##### Exercise materials #####

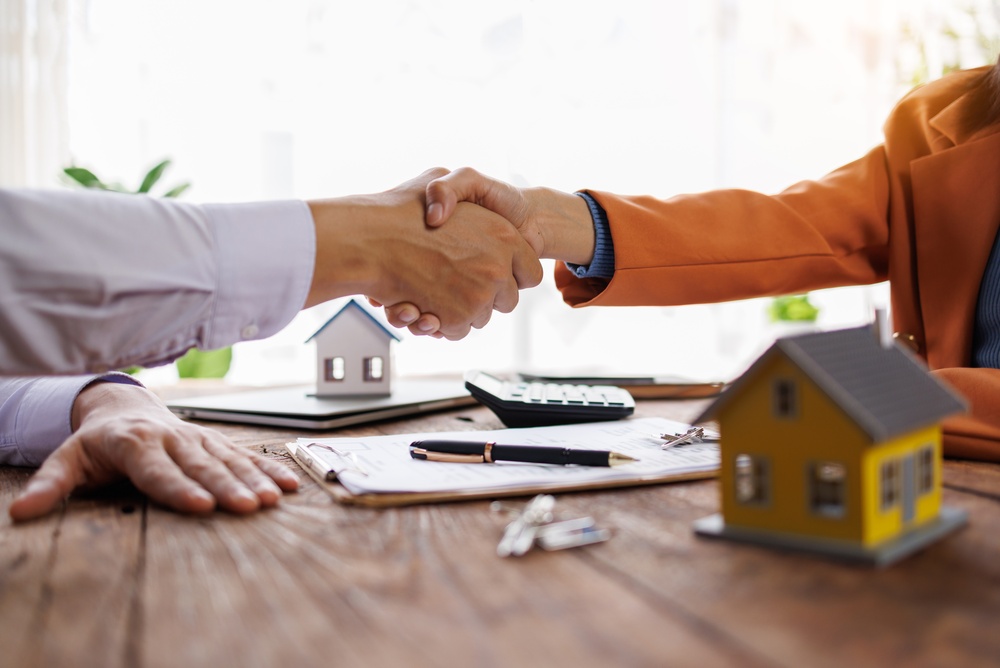 ¿Cómo identificar una buena agencia inmobiliaria?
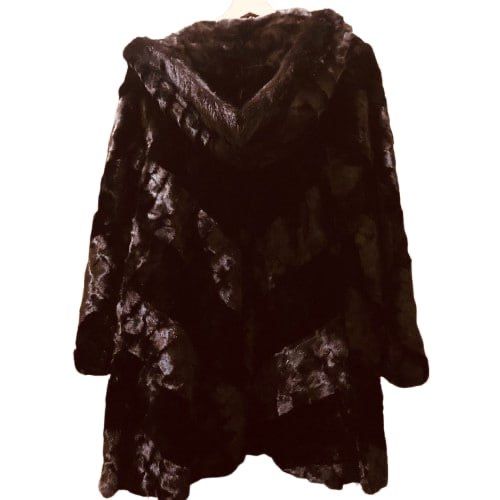 Роскошная норковая шуба Hai Chuan Furs – стиль, тепло и статус.
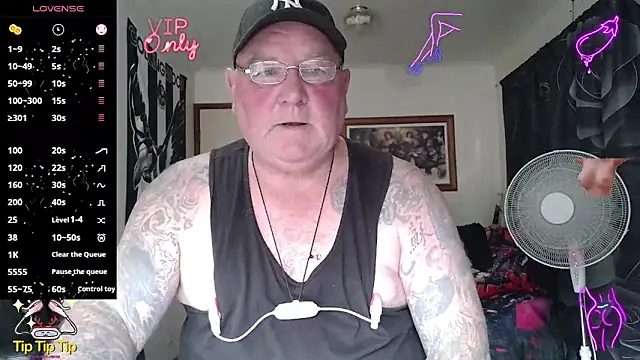 KINKYBLUEYES69 webcam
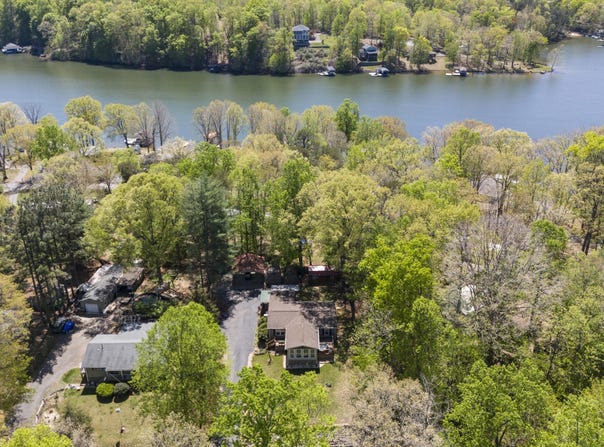 276 Bluewater DR, Moneta, VA 24121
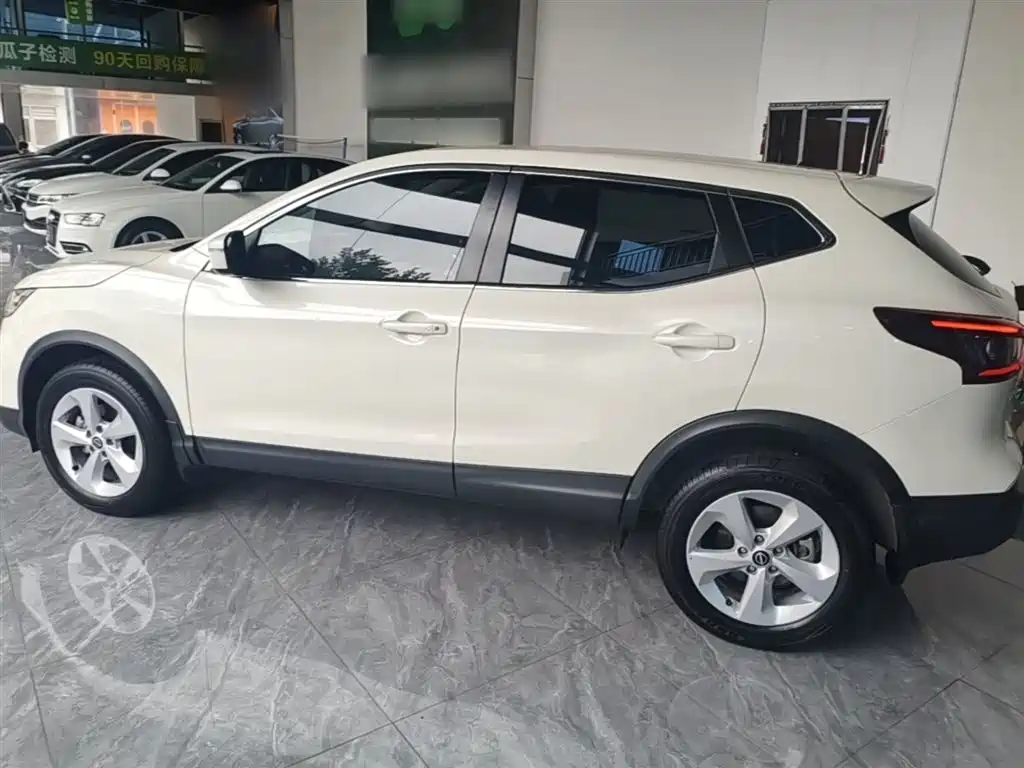 Qashqai Classic 2.0 L CVT XV Comfort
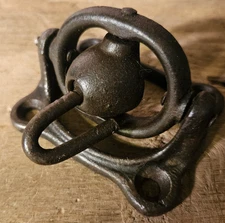 VINTAGE CAST IRON CEILING SWIVEL OIL LAMP HOOK  -VERY UNUSUAL HOOK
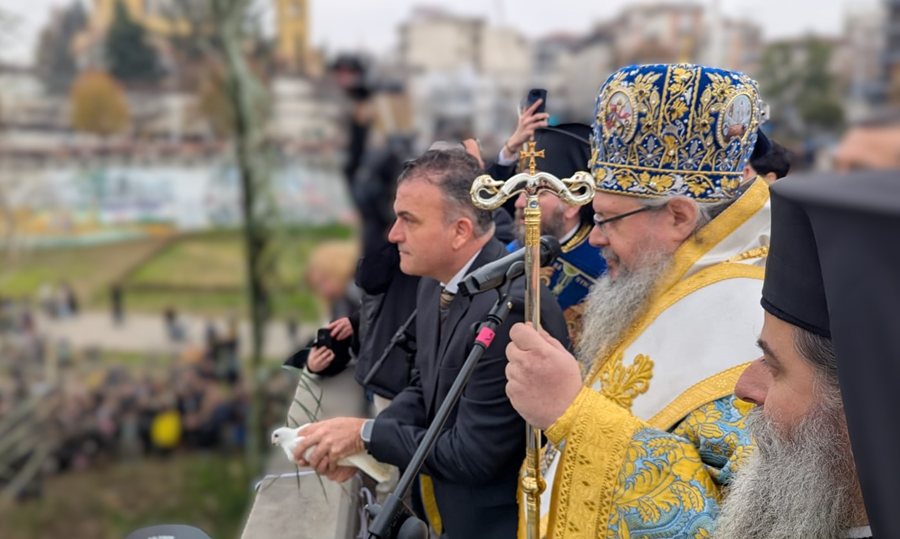 260105 mamakos theofania 2025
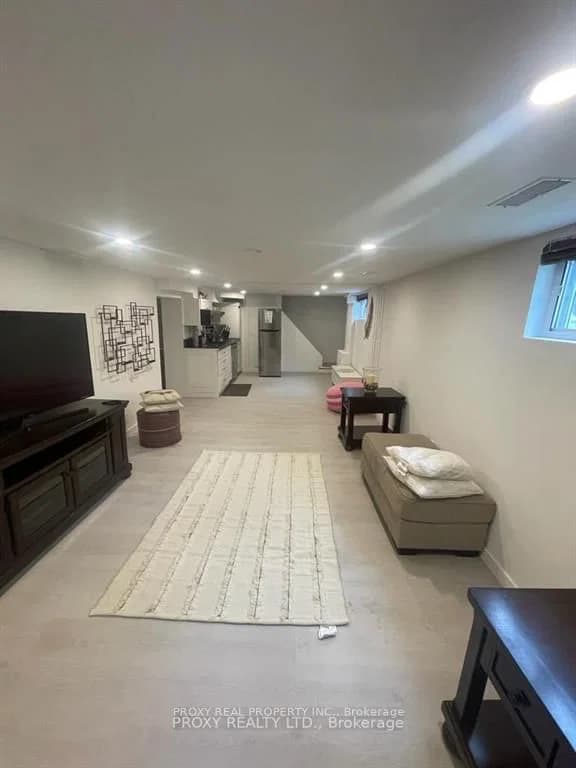 Kelsonia Avenue in Toronto · Cliffcrest — photo 2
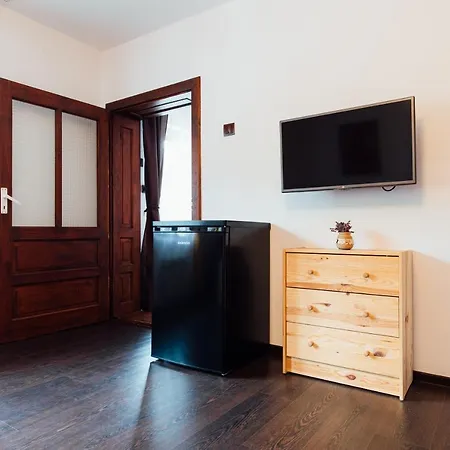 Szitas Rooms-3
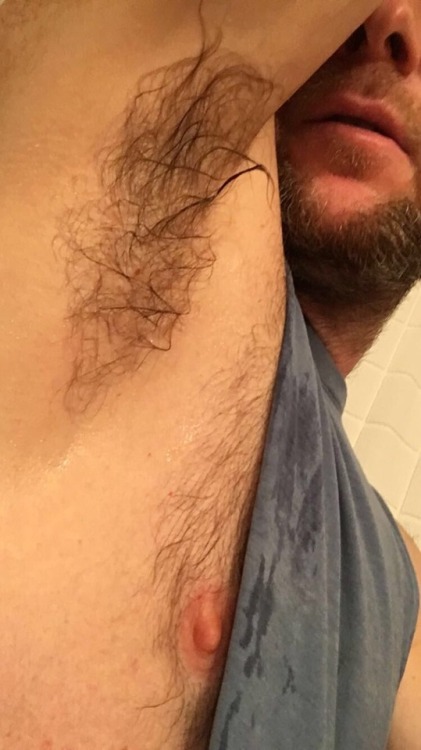 nydirty30: My sweaty ripe pits SniffLicKCleanRepeat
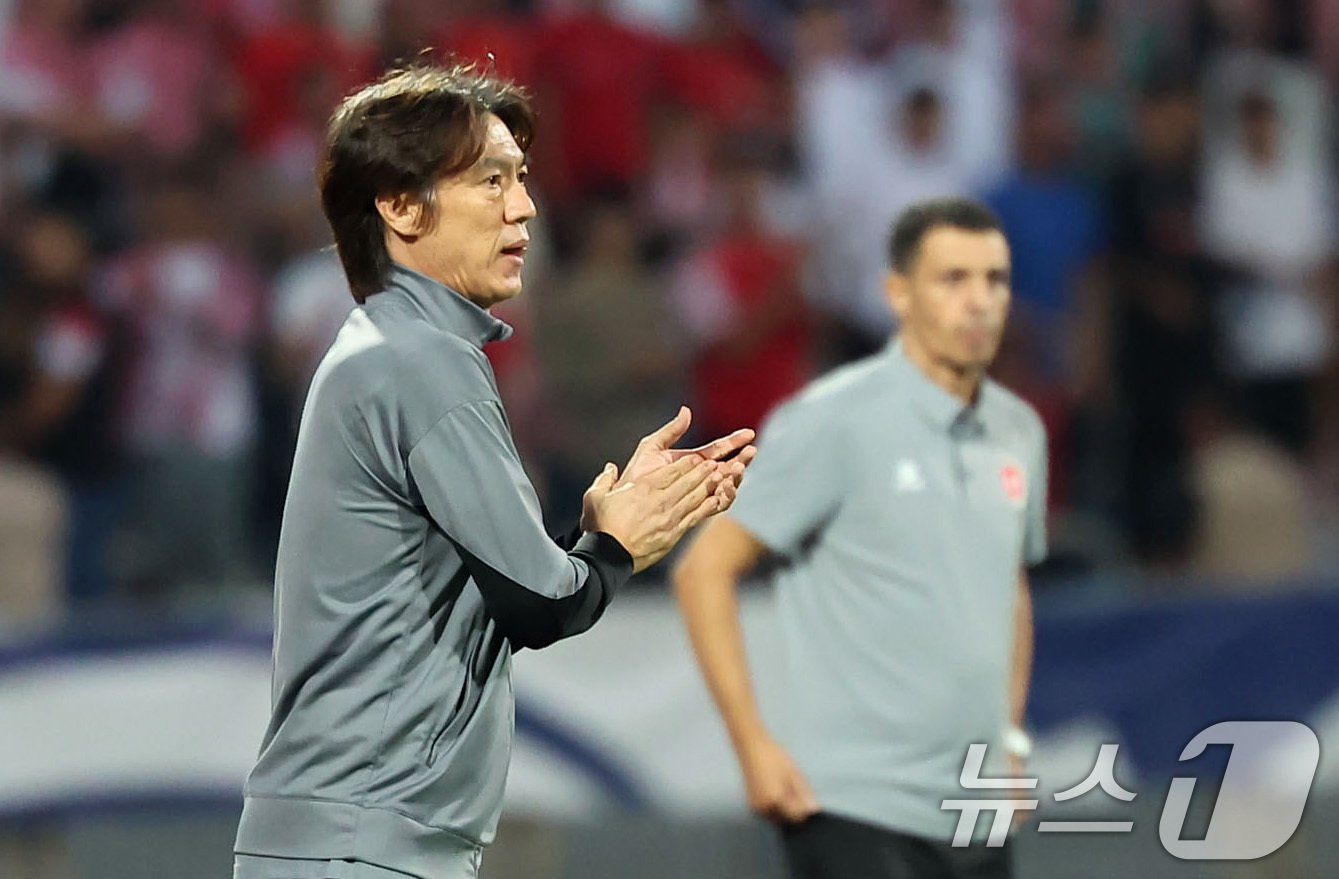 본문 이미지 - 10일&#40;현지시간&#41; 요르단 암만 국제경기장에서 열린 2026 국제축구연맹&#40;FIFA&#41; 북중미 월드컵 아시아 3차 예선 B조 3차전 대한민국과 요르단의 경기, 대한민국 홍명보 감독이 작전지시를 하고 있다. 2024.10.11/뉴스1 ⓒ News1 김도우 기자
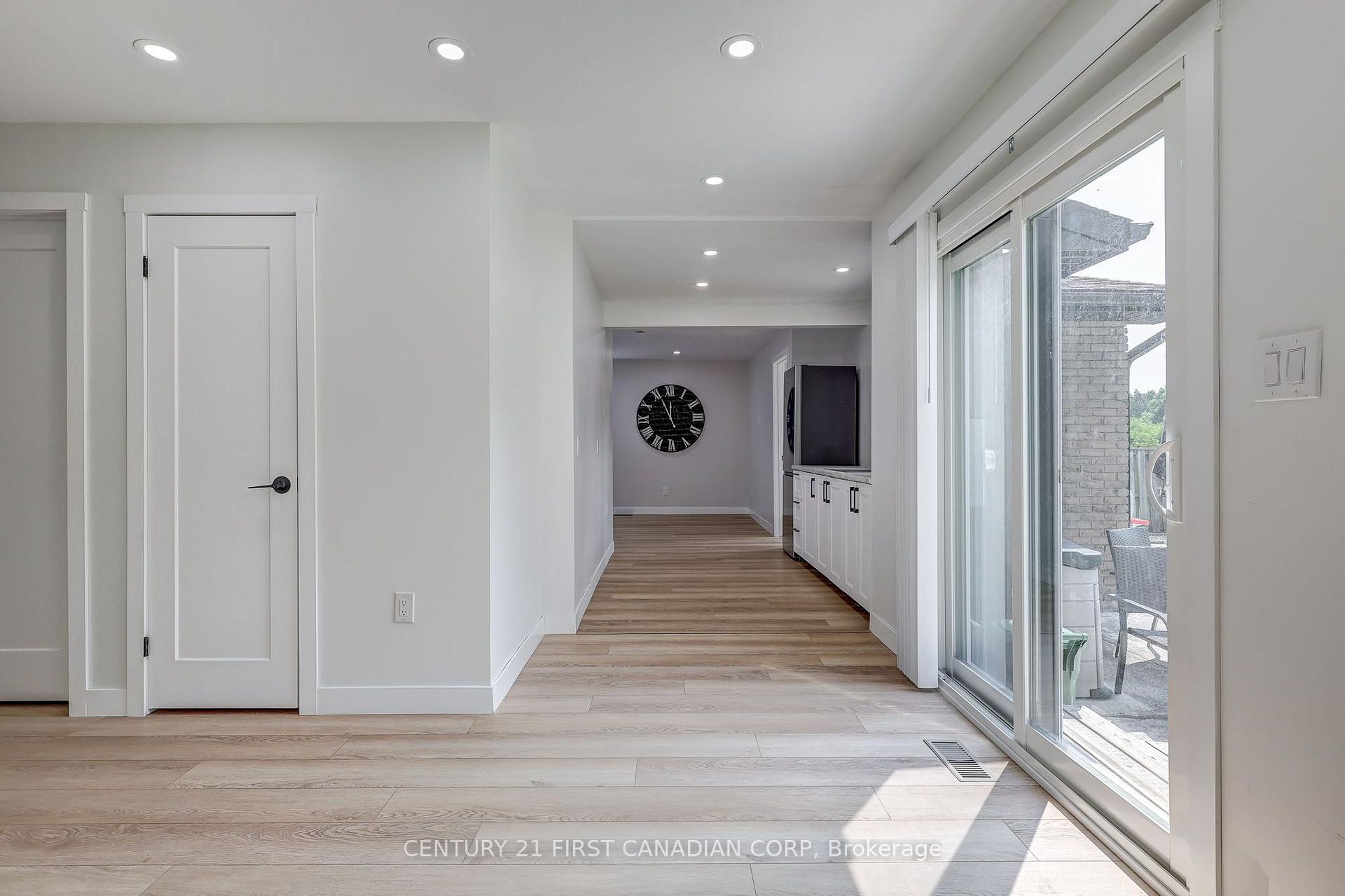 Photo 19 of 123 Hillsmount Crescent, London, South M — HOMEH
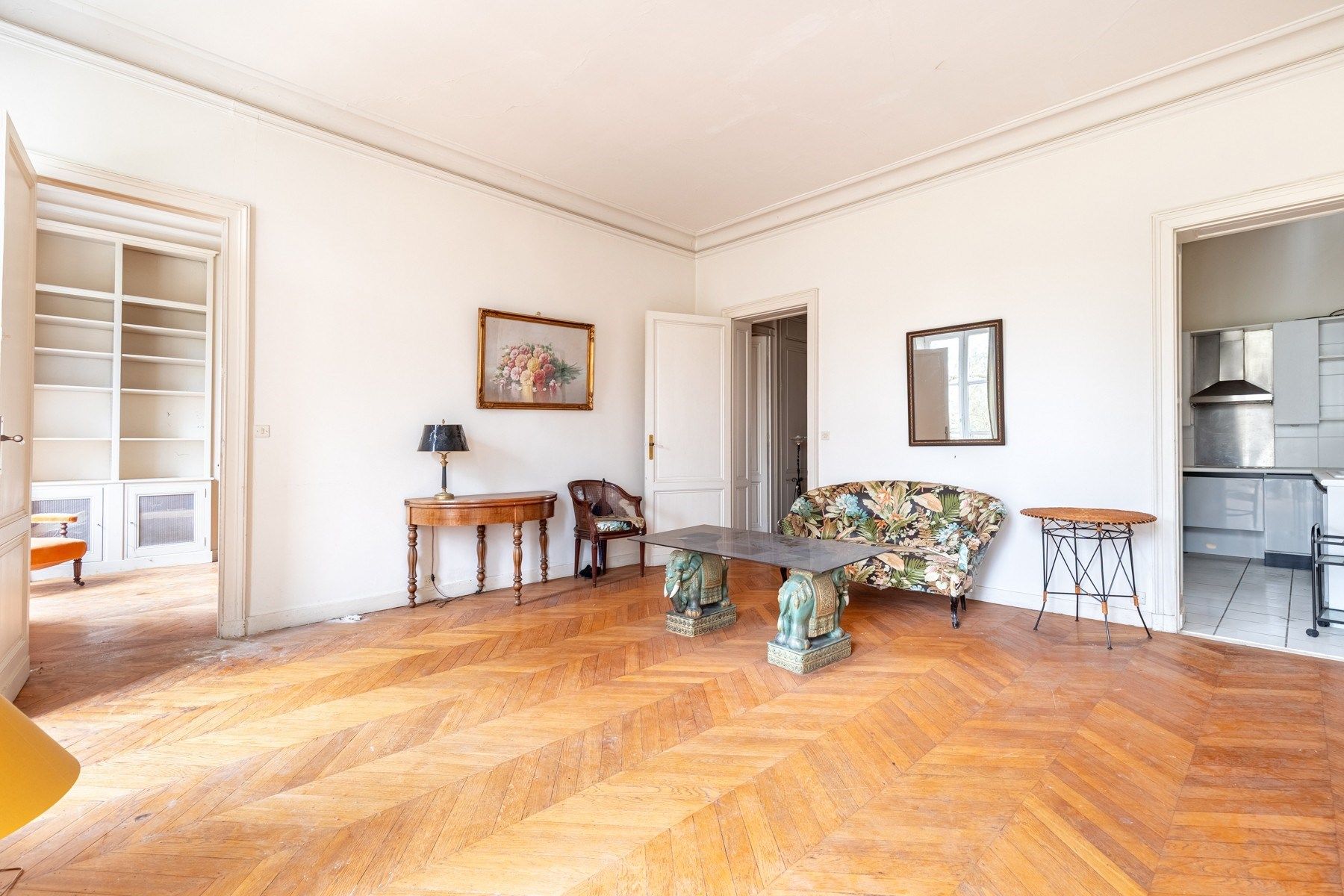 apartment 4 Rooms for sale on BORDEAUX (33000)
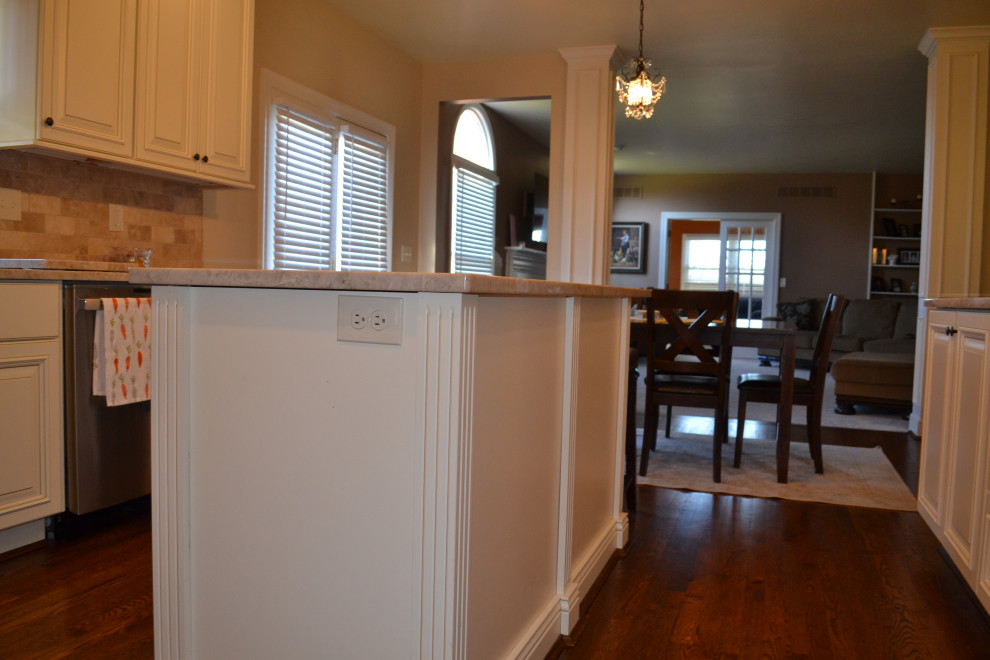 Kitchen - transitional kitchen idea in Cincinnati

#####

◆ **Activity**
The listing above must be repeated exactly, apart from the pictures.

◆ **Written answer**
 ¿Cómo identificar una buena agencia inmobiliaria?
 Роскошная норковая шуба Hai Chuan Furs – стиль, тепло и статус.
 KINKYBLUEYES69 webcam
 276 Bluewater DR, Moneta, VA 24121
 Qashqai Classic 2.0 L CVT XV Comfort
 VINTAGE CAST IRON CEILING SWIVEL OIL LAMP HOOK  -VERY UNUSUAL HOOK
 260105 mamakos theofania 2025
 Kelsonia Avenue in Toronto · Cliffcrest — photo 2
 Szitas Rooms-3
 nydirty30: My sweaty ripe pits SniffLicKCleanRepeat
 본문 이미지 - 10일&#40;현지시간&#41; 요르단 암만 국제경기장에서 열린 2026 국제축구연맹&#40;FIFA&#41; 북중미 월드컵 아시아 3차 예선 B조 3차전 대한민국과 요르단의 경기, 대한민국 홍명보 감독이 작전지시를 하고 있다. 2024.10.11/뉴스1 ⓒ News1 김도우 기자
 Photo 19 of 123 Hillsmount Crescent, London, South M — HOMEH
 apartment 4 Rooms for sale on BORDEAUX (33000)
 Kitchen - transitional kitchen idea in Cincinnati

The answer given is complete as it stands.